Connection Between TSC and Autism

About 25 percent to 50 percent of all children diagnosed with TSC also have autism. And people who have both an autism spectrum disorder and a seizure disorder have a higher than normal prevalence of TSC.

While tumors in the brain are often associated with the neurological symptoms of TSC, there are also developmental abnormalities in the brain associated with TSC that contribute to the neuropsychological effects, including learning disabilities. These changes affect communication between different regions in the brain and could be associated with the link between autism and TSD.

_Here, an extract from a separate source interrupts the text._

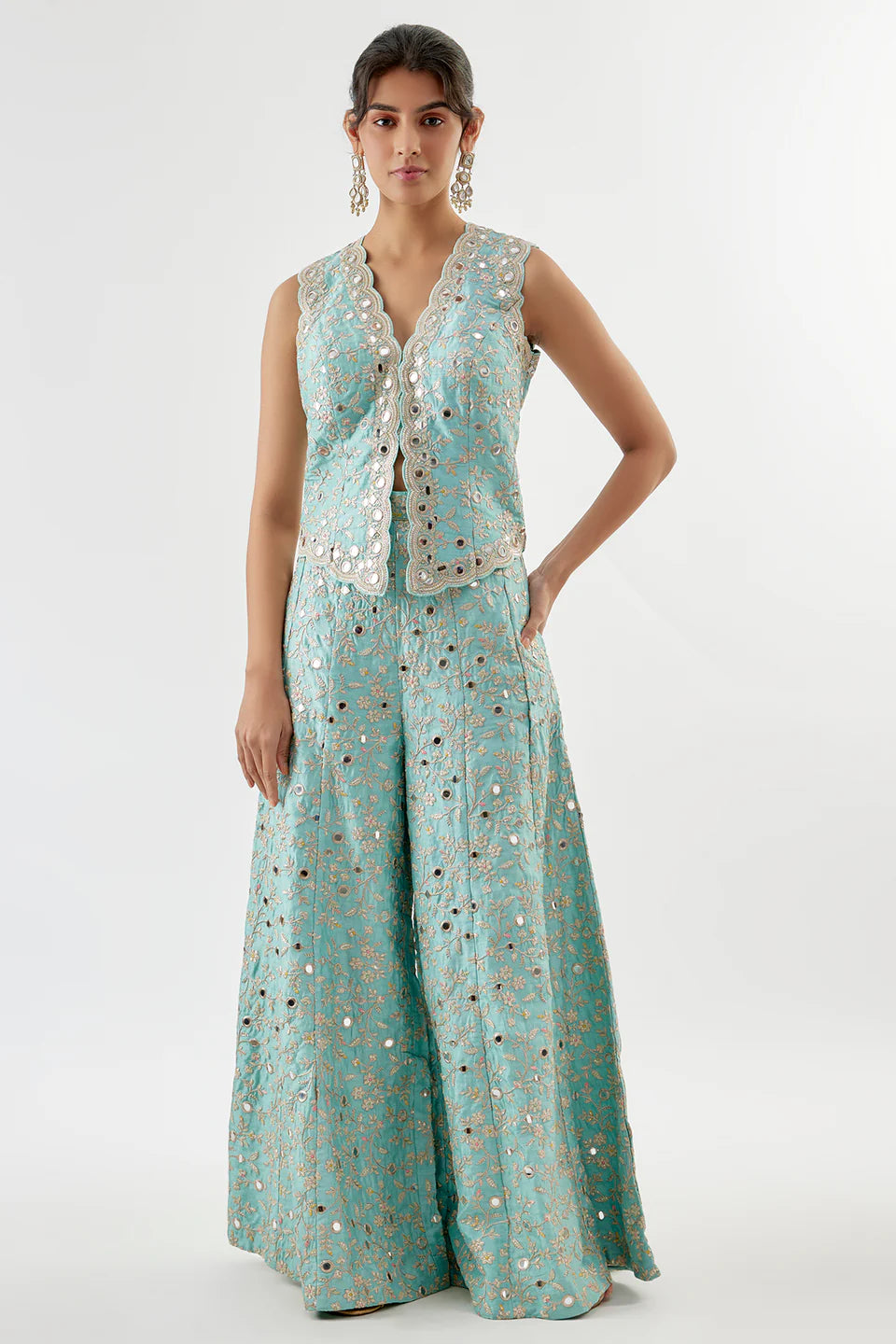 AKILA PANT SET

Research looking at the links between TSC and behavioral and neuropsychiatric disorders can be complex due to the frequently overlapping symptoms.

Recognizing and Diagnosing TSC

In most cases, the first clue to recognizing TSC is the presence of seizures or delayed development. In other cases, the first sign may be white patches on the skin. To diagnose TSC, doctors use CT or MRI scans of the brain, as well as an ultrasound of the heart, liver, and kidneys.

It is possible to inherit TSC from a parent. Most cases, though, are due to spontaneous genetic mutations. That is, a child’s genes develop the mutation before they are born—even though neither parent has either TSC or an associated gene.

When TSC is inherited, it usually comes from only one parent. If a parent has TSC, each child has a 50% chance of developing the disorder. A child who inherits TSC may not have the same symptoms as their parent, and they may have either a milder or a more severe form of the disorder.

A Word From Verywell

While neither TSC nor autism is curable, they both can be managed with medical and therapeutic interventions. The outcome is better for children who are diagnosed and treated while they are young.